Para Steiner no poema trágico o herói encontra abertas as portas do Inferno e a condenação é insuperável. O herói nunca consegue escapar à dor irredimível porque a sua consciência da culpa é tardia e não há desculpa aceitável perante os juízes supremos. O poema trágico insiste, pela exploração da acção do herói, na manifestação de uma falha, de um paradoxo que consiste na dissonância existente entre os fins dos homens e os fins inexplicáveis, implacáveis e inobserváveis, pelos olhos da carne e do espírito dos humanos, da própria Vida. Nisso Steiner não anda longe de Nietzsche quando este sobrevaloriza com Kant, No Nascimento da Tragédia, por ter pensado que a realidade última de tudo está para além do fenómeno. Neste sentido, Steiner, na linha do pensador germânico, tenta mostrar que são mais os movimentos numénicos da vida do que os fenoménicos e que, no âmago desconhecido da Vida, moram forças para sempre irreconhecíveis, inapreensíveis e imprevisíveis pelo sujeito do conhecimento e da acção. No entanto, é contra aqueles que a vontade do herói trágico, de modo impróprio, embate, provocando a desagregação da vida individual em culpa e sofrimento. Porque a tragédia é anti-cristã ou o cristianismo é anti-trágico, Steiner relembra, a cada passo desta obra em que nos baseamos, A Morte da Tragédia, que a essência última do trágico é a permanência sem redenção da ferida na alma daquele que cometeu a falta, enfatizando o carácter acessório da peroração do herói, ou dos que com ele cooperam para a eliminação, ou atenuação dessa dilaceração sem fim. Não há indagação possível sobre as razões dessa magnífica litania que é o canto enlutado , como chama Nicole Loraux à tragédia, não há possibilidade sequer, por mínima que seja, de aproximação entre o herói trágico e Job. Job não é trágico como é Prometeu, como é Édipo. Porque Job é cristão.
Apenas estes borrões gerais mas certeiros, de um pensador atento ao pormenor diferenciador, nos permitem verificar que o poema de Junqueiro não é trágico. O herói que, do nosso ponto de vista, é o Doido, o louco-país, é, sem dúvida alguma, remetido para uma condenação e para um Inferno em vida. Como Cristo é um herói crucificado pela turba - no final do poema, ébria de ignorância, ébria de inconsciência, constituída por homens desregrados que “entoam, epilépticos de álcool, uma canção infrene e vagabunda. (…) Apenas o descobrem, estacam de súbito, ladrando raivosos e covardes, como a dizer: Ei-lo!
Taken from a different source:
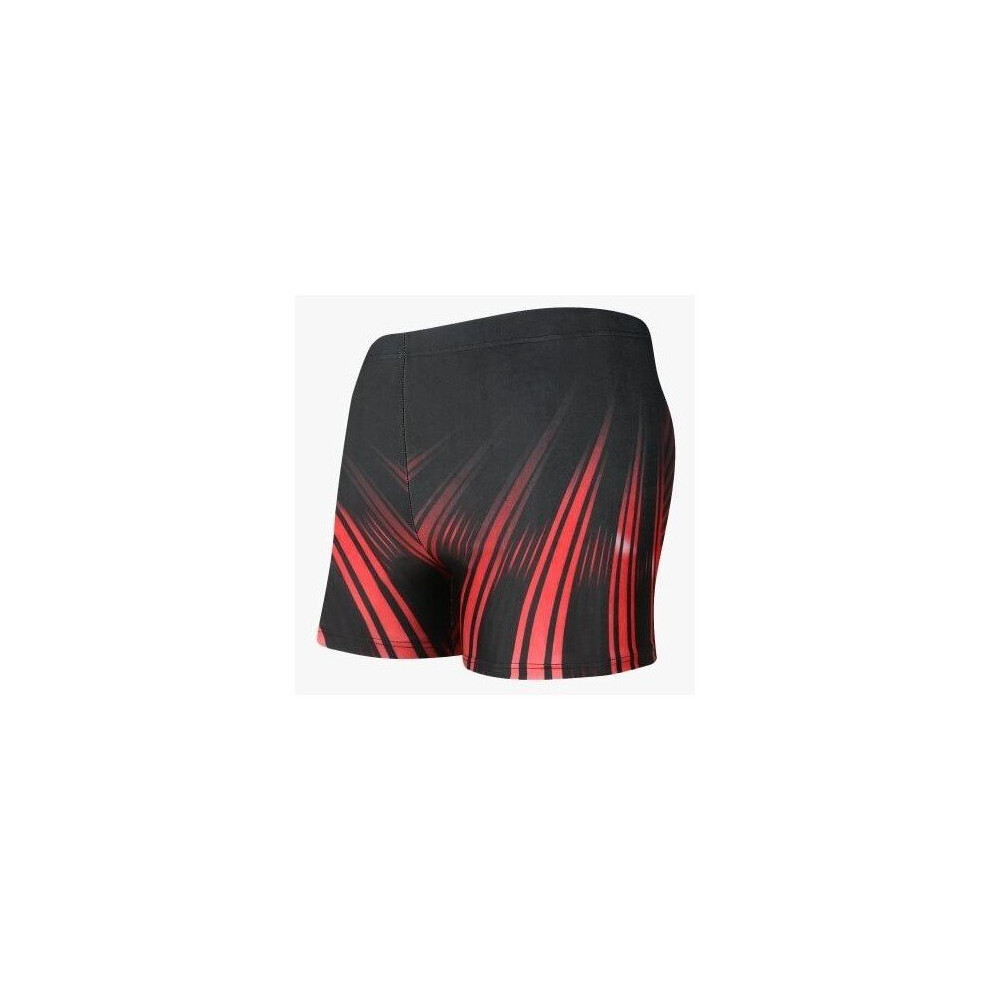 (Fit 60, No.11) 2019 Men Swimwear Waterproof Swimming Trunks Push Up Bathing Suit Man Diving Swimsuit Briefs Big Size Summer Beach Sport Shorts-image-OPC-P6XJCX6-NEW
Aí o tendes. – O velho herói, pálido de morte, fita-os soberanamente desdenhoso. [E o herói] estende os braços para a Dor.” – mas essa condenação, essa expiação é catártica e purificadora, atempada e libertadora. O herói, colectivo porque é a nação, reconhece que falhou, porque a visão de Nun’Álvares é esclarecedora das razões da ruína, da míngua da nação: a espada não devia ter servido para derramar sangue, a espada deveria ter servido para espalhar as sementes do pão, ou para ceifar o trigo. Por outro lado, o arrependimento não é tardio, sabemo-lo em virtude do poeta terminar de modo simbólico, deixando a criança contemplar a crucificação e deixando-a transformar a espada do herói espectralizado no que houvera de vir. Um país que deixa a uma criança símbolos deixa-a com a única herança capaz de multiplicar o que é espiritual, a justiça, o amor e a verdade , porque os símbolos são o tesouro espiritual da humanidade e por isso sobre eles se fundam as religiões que só e por seu intermédio se perpetuam.

Nota: Trata-se do início de um breve e humilde ensaio. Faltam aqui páginas...Não consigo colocar as notas de rodapé nem no corpo do texto. Ensaia-se como fica, ainda assim a sua legibilidade. Que o texto celebre a luz que inunda a vida, nestes dias.